Copy out each line of the data that holds the string "claw".

(Records from a dataset)
Segment Open
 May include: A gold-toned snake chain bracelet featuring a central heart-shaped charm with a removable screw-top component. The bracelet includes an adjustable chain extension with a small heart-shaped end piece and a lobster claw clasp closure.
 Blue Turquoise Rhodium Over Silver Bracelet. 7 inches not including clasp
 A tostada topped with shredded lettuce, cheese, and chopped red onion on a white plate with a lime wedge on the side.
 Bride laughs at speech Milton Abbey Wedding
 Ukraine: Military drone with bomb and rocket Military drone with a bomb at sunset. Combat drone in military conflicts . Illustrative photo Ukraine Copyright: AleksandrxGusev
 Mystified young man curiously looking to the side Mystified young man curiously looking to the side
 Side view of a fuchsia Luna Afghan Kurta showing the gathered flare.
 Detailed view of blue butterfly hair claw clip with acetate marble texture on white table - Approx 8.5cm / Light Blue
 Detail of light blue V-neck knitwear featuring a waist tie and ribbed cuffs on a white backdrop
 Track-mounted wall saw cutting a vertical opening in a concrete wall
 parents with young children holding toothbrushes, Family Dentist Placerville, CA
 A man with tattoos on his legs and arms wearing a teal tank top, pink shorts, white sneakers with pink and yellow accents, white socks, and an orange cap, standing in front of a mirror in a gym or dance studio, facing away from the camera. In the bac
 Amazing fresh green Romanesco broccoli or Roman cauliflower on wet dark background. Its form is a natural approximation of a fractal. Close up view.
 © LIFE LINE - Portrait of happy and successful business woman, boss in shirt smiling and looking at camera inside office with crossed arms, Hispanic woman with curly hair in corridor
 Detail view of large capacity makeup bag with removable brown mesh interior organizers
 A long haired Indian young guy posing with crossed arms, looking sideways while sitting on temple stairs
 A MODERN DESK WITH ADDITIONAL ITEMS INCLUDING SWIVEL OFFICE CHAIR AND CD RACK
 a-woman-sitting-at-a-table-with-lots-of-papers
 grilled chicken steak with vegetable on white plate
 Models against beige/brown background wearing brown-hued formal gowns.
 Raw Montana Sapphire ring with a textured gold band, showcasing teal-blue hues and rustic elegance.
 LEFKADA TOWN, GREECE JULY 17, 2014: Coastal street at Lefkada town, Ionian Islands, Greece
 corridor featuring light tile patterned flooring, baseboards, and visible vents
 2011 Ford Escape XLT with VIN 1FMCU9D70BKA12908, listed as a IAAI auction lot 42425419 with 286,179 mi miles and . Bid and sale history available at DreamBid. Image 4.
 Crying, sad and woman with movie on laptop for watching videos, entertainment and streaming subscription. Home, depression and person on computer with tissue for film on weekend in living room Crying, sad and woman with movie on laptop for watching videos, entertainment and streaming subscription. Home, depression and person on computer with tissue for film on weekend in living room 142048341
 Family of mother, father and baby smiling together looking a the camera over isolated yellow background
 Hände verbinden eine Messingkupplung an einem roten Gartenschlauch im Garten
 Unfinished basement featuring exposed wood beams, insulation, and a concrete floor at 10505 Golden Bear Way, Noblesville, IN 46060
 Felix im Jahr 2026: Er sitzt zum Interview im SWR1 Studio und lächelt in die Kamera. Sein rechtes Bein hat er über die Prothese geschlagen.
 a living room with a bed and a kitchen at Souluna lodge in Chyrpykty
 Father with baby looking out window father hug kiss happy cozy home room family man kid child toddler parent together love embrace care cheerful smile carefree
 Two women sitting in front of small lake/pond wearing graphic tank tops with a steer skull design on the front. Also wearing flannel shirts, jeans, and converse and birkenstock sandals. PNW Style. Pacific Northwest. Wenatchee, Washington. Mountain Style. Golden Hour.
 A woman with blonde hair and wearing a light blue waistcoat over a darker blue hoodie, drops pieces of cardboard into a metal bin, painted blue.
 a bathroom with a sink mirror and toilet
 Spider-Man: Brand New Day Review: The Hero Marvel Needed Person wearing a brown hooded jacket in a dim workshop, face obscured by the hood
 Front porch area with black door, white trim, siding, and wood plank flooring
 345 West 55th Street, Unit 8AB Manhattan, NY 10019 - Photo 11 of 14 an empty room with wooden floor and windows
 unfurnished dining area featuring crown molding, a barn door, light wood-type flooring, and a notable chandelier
Segment Closed
** Answer section **
 May include: A gold-toned snake chain bracelet featuring a central heart-shaped charm with a removable screw-top component. The bracelet includes an adjustable chain extension with a small heart-shaped end piece and a lobster claw clasp closure.
 Detailed view of blue butterfly hair claw clip with acetate marble texture on white table - Approx 8.5cm / Light Blue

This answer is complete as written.